Pour suivre le rythme imposé par les trois mastodontes de la Liga, le FC Séville se devait de renouer avec le succès en déplacement. Une victoire acquise dans la douleur (2-3) qui met fin à une série folle de vingt-deux matchs sans ramener les trois points d’un déplacement. Pour rappel, il y a dix-sept mois, les Sevillistas s’imposaient pour une ultime fois à l’extérieur, cette fois sur la pelouse de Málaga.

Les déclas du week-end


Diego Simeone, ravi mais critique à propos de Carrasco : « Je suis content pour Yannick. C’est une lutte quotidienne que nous avons avec lui pour qu’il soit en permanence le joueur qu’il a été aujourd’hui, un joueur déterminant. Il a une super frappe, il sait déborder, il adore servir ses partenaires… C’est un joueur très complet qui a une marge de progression énorme, mais il faut qu’il ait envie de s’améliorer et d’écouter. »

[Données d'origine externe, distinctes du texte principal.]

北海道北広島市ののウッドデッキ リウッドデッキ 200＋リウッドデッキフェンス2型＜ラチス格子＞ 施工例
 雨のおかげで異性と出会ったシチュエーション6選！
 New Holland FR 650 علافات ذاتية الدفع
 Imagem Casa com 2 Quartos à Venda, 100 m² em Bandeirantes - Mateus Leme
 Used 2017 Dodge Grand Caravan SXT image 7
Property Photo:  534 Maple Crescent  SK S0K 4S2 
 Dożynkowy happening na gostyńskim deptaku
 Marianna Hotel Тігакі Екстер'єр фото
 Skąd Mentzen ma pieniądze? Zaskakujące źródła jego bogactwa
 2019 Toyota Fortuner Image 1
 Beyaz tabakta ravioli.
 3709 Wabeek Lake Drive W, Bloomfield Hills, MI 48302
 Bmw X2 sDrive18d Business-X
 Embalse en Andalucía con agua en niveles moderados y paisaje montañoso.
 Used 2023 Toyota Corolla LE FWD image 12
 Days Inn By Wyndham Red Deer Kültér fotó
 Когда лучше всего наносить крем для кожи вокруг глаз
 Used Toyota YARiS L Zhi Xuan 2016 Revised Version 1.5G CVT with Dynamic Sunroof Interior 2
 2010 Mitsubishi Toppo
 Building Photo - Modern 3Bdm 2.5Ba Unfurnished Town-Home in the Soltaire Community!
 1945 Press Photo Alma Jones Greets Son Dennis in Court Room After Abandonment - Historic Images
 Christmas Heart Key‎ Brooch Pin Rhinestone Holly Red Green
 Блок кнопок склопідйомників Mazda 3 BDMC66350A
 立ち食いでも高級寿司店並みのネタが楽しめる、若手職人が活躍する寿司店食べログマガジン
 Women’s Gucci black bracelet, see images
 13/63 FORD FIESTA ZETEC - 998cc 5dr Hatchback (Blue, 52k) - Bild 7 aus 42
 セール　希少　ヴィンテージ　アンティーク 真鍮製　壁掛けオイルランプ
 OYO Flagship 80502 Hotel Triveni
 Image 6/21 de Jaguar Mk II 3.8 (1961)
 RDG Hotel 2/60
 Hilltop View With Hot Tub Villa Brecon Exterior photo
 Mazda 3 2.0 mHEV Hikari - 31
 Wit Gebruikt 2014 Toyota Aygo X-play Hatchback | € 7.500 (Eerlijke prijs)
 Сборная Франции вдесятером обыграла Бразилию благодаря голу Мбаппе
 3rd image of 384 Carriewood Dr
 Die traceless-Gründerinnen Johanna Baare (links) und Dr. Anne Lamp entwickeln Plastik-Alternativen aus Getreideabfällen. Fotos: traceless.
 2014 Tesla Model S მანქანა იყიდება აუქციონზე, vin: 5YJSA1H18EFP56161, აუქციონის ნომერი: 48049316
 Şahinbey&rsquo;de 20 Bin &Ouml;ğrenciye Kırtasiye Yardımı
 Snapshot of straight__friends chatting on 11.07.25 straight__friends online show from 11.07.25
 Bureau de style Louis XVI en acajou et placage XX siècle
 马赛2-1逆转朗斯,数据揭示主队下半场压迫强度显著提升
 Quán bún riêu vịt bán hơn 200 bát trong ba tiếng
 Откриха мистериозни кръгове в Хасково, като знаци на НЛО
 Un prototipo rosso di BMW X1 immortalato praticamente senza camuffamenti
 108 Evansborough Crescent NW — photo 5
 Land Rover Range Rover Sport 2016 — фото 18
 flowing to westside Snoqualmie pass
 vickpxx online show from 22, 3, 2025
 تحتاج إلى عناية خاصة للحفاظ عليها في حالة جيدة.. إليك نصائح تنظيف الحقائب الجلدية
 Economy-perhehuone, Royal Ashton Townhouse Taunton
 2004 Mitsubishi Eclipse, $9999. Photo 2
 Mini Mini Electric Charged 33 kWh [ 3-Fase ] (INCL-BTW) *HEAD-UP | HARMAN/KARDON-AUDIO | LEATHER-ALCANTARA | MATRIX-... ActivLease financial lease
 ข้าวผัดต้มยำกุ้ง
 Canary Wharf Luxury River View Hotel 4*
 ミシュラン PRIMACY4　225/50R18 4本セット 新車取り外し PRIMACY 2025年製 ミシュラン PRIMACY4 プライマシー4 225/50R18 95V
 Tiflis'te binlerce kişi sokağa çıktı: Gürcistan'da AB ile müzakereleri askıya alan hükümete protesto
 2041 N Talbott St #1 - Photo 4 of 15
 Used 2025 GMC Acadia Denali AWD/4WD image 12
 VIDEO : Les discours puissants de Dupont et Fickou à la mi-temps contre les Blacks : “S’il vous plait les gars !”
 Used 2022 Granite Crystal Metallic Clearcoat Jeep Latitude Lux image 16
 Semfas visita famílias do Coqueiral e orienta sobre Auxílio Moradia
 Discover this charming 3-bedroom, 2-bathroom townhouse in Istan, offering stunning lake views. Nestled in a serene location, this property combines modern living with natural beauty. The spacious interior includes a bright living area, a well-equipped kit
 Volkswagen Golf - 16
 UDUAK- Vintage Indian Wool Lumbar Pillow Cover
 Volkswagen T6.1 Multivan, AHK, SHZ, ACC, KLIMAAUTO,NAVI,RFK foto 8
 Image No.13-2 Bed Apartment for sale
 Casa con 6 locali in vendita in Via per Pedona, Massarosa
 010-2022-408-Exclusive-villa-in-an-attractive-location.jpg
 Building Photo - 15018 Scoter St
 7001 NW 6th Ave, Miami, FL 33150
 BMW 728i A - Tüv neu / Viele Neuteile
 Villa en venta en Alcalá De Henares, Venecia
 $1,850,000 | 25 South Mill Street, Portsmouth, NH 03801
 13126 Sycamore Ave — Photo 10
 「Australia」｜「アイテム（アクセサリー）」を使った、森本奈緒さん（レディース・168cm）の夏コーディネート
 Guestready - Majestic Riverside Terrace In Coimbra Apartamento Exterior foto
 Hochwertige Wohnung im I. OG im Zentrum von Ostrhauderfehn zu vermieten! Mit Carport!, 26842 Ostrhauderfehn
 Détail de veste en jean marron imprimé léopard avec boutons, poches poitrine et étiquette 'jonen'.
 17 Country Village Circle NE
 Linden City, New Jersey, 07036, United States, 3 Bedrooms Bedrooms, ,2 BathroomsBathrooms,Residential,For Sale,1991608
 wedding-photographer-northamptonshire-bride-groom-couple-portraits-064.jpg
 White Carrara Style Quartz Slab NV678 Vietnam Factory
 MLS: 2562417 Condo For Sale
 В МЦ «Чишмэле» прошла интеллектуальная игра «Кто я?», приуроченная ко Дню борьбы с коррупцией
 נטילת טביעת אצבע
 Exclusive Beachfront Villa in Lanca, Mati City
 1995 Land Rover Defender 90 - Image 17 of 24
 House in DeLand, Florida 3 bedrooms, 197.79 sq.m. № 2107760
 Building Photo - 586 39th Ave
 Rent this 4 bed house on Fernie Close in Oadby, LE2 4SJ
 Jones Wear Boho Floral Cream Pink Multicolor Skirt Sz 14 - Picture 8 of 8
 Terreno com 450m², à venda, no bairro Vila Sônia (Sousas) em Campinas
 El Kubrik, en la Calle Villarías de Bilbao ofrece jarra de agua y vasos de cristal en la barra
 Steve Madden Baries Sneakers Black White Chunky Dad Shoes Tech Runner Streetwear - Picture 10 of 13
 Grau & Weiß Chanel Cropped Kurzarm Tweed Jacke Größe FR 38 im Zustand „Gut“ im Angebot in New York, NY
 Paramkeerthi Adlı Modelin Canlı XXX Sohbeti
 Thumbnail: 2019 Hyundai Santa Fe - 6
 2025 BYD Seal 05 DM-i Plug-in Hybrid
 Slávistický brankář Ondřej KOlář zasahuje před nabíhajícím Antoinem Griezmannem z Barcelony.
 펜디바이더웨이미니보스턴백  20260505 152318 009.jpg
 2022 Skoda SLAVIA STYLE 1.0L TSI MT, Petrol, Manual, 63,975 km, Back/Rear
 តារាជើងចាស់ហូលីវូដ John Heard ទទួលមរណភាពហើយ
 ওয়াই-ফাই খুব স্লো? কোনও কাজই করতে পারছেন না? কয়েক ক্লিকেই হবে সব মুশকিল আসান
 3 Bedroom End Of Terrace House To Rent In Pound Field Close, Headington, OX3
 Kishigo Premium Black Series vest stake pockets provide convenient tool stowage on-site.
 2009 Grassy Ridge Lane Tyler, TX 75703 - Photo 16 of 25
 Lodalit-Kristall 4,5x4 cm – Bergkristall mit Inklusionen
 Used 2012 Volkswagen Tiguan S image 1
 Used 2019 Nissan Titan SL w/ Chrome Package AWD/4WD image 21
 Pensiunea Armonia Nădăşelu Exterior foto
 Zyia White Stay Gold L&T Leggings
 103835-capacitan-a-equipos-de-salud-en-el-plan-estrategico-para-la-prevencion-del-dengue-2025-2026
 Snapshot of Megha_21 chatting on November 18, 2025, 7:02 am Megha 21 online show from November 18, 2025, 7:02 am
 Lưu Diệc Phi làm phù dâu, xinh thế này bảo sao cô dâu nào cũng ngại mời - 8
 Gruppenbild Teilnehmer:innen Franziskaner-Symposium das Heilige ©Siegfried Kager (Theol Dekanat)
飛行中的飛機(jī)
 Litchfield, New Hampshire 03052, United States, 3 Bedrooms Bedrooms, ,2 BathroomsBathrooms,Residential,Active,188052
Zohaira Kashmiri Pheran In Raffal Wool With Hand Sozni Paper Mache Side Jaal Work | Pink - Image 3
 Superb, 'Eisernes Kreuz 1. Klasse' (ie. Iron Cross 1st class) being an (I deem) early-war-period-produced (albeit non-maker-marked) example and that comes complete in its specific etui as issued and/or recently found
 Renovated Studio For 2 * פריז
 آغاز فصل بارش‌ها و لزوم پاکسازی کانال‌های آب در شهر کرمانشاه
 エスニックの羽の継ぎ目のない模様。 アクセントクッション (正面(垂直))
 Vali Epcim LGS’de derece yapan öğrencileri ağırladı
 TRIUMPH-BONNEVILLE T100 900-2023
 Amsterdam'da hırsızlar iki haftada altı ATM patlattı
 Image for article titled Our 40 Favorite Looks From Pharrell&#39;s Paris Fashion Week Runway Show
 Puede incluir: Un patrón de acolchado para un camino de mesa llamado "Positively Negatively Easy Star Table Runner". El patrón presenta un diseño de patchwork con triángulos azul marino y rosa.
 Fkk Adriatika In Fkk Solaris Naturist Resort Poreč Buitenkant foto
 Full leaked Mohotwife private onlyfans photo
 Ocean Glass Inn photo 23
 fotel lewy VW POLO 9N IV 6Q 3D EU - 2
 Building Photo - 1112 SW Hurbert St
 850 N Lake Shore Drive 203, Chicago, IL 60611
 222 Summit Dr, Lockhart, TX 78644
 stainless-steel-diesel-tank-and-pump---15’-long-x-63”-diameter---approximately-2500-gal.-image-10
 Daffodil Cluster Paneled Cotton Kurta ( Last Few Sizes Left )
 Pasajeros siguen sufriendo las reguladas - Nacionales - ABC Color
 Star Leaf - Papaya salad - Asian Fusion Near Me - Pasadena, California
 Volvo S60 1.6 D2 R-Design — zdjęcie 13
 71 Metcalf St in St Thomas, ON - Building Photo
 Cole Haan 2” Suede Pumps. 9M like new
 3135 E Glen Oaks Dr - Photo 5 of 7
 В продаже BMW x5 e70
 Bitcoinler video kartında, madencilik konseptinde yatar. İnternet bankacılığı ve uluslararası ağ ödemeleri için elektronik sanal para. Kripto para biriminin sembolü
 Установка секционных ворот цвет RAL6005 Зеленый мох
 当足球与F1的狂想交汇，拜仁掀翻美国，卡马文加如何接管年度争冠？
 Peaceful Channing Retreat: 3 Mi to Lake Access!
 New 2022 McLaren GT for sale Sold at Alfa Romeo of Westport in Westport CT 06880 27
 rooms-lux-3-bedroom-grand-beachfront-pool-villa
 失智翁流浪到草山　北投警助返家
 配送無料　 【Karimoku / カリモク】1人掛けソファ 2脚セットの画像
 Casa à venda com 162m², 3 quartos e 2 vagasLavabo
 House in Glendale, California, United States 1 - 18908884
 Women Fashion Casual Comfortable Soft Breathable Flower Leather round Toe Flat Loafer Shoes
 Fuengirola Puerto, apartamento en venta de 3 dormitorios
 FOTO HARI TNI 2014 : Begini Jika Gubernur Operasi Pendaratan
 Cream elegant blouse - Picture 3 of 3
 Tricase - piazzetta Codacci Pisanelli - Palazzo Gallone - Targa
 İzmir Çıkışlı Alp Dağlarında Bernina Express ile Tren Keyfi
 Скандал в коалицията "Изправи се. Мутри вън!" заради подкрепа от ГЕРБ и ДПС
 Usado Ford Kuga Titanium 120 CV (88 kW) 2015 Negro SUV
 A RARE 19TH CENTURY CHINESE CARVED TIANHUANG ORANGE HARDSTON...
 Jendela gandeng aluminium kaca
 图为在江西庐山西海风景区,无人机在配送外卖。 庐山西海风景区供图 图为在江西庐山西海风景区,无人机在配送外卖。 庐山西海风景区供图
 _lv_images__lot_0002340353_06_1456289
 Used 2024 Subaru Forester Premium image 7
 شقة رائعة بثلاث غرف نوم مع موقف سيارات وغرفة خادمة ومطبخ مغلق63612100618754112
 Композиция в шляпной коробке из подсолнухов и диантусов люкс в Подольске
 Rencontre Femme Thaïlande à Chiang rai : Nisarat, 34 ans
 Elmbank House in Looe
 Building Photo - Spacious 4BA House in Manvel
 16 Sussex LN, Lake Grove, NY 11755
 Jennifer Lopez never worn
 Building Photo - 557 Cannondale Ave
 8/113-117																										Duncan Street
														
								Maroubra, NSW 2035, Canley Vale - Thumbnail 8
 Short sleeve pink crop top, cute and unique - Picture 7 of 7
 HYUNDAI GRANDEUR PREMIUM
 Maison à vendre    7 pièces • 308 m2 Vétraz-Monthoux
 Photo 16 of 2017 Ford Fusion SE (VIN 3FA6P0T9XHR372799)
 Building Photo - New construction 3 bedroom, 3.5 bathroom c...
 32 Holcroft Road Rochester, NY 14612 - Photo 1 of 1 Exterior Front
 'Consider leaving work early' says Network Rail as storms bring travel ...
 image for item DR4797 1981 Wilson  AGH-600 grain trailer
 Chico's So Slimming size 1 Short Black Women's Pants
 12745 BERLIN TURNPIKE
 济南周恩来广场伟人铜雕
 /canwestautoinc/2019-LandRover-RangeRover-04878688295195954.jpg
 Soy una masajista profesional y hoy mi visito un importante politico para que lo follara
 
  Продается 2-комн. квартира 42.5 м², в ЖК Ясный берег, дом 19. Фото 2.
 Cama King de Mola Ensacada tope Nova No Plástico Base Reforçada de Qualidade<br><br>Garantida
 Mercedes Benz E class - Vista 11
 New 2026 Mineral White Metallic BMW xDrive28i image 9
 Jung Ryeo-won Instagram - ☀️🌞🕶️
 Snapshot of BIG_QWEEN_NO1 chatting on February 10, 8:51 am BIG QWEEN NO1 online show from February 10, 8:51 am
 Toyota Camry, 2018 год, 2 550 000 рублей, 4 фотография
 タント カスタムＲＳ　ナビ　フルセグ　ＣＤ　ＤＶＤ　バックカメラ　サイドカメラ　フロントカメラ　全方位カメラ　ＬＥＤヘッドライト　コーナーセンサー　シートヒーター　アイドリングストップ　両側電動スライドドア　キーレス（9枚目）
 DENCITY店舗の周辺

Gustavo Poyet, inquiet pour son poste : « Je ne connais pas encore le président qui vire vingt-cinq joueurs. Si quelqu’un doit être viré, c’est moi, donc je dois gagner du temps. Mais ce n’est pas avec des matchs comme ce soir que mon espérance de vie sur ce banc va grandir. »

Et sinon, que pasa ?


L’Espanyol, c’est toujours pas ça. Contraints, une énième fois, au partage des points (0-0 sur la pelouse de Las Palmas), les Pericos restent bloqués en queue de peloton. Un début de saison tout pourri pour le nouveau riche de Liga qui n’a connu la victoire qu’à une reprise.


Aduriz est éternel. Natif de San Sebastián, mais formé à l’Athletic Bilbao, Aritz Aduriz continue de trimbaler sa classe au gré des rencontres. À l’occasion du derby basque remporté haut la main face à la Real Sociedad (3-2), l’international espagnol y est ainsi allé de son pion et de son caviar.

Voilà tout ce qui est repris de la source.